▸ DATA TO PROCESS

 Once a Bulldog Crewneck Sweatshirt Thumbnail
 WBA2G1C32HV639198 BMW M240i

--

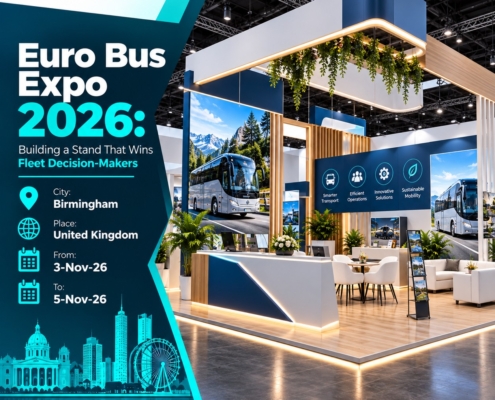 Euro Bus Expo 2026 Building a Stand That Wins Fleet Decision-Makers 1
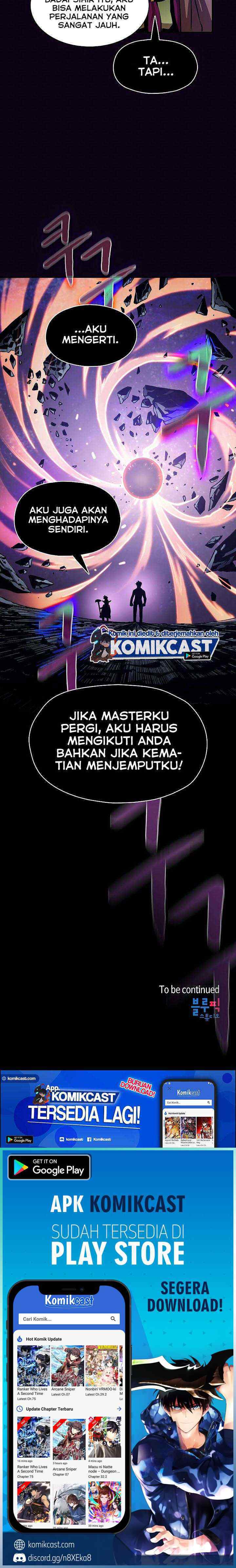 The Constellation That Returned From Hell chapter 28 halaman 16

▸ WHAT YOU WILL DO
In the listing above, find the line containing "Euro Bus Expo" and the line containing "The Constellation That", then output those two lines and everything between them exactly as written, without the images.

▸ SOLUTION FOR THIS EXERCISE
 Euro Bus Expo 2026 Building a Stand That Wins Fleet Decision-Makers 1
 The Constellation That Returned From Hell chapter 28 halaman 16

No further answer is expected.